TO SEE UPDATED ALL-TIME STATE CAREER SCORING LIST AFTER THIS WEEK’S GAMES (GOLD CLUB), CLICK HERE.

FOR WRITEUP ON NEW STATE CAREER SCORING RECORD, CLICK HERE.

While Tounde Yessoufou gets plenty of attention for breaking the state’s all-time scoring mark held for 21 years with Jason Crowe Jr. on the horizon, we want to also mention that Alijah Arenas of Chatsworth recently hit some significant milestones. Had Arenas decided to stay in the 2026 class, he too might be surpassing Yessoufou’s mark, but since he’s doing only three years of high school he will likely settle for joining the state’s 3,000-point club.

Alijah Arenas makes a move for Chatsworth during 2024 CIF D4 state championship game. Photo: Willie Eashman.

Arenas committed to USC last Thursday and six days earlier, the 6-foot-6 shooting guard broke the all-time L.A. City Section scoring mark early in the Chancellors’ 76-74 overtime loss to Cleveland of Reseda of 2,540 points set by three-time all-L.A. City choice and 1998 all-state standout Deon “Popeye” Green of Los Angeles High School. Green, who went on to to play at South Florida, averaged 18 ppg as a freshman in 1994-95 and improved his marks each season, topping out by scoring 762 points in 27 games (28.2 ppg) the season he made the elite all-state team. While DeMarcus Nelson held the state mark for 21 years, Green held the L.A. City mark for 27 years.

After scoring a single-season section record 1,154 points as a sophomore last year, we had a good idea Arenas was going to be the L.A. City’s Section’s scoring king, so we dug a bit deeper for players who were high scorers that played on good teams or starred on the varsity as freshmen. We uncovered some interesting notes about the section’s stars of the past.

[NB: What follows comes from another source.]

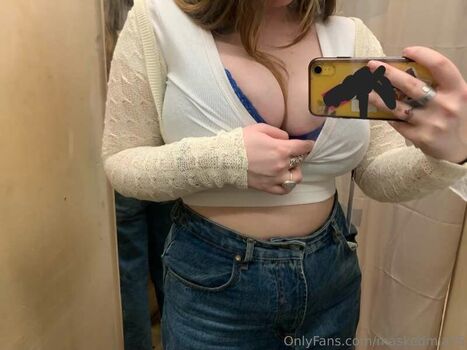 Full leaked Maskedmia private onlyfans photo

Green’s mark meets the cut off for the Cal-Hi Sports Record Book online listings, as he accumulated his total in 105 games. One more player who makes the 2,300-point cutoff mark is Danny Walker, who played at L.A. Westchester (1993-95) & L.A. Fremont (1996) and went on to play at USC and Nebraska. Walker, like Green, averaged 18 ppg as a freshman on a talented Westchester team that made the 1993 L.A. City Section 4A semifinals. The 1993 State Freshman of the Year played on much stronger teams than Green, so his average didn’t go up much until he went for 24 ppg as a senior at Fremont, but he also played in more games. Walker finished with 2,354 points in 119 games, with the point total making our online state record book.

Arenas had 1,971 points in two seasons and the third section player on the list who we found with over 2,000 career points who he surpassed this season happens to be his father Gilbert Arenas of Van Nuys Grant, who prepped there between 1997-1999. He had a better sophomore season than we recall for the 7-15 Lancers (22.5 ppg), then he really turned it up in his junior (787 points) and senior season (841 points), averaging 32.3 ppg in 1998-99 to finish with 2,124 career points. Dad actually scored more points as a senior than his son did as a freshman in 2023 when he led the Chancellors to the CIF D4 state title game.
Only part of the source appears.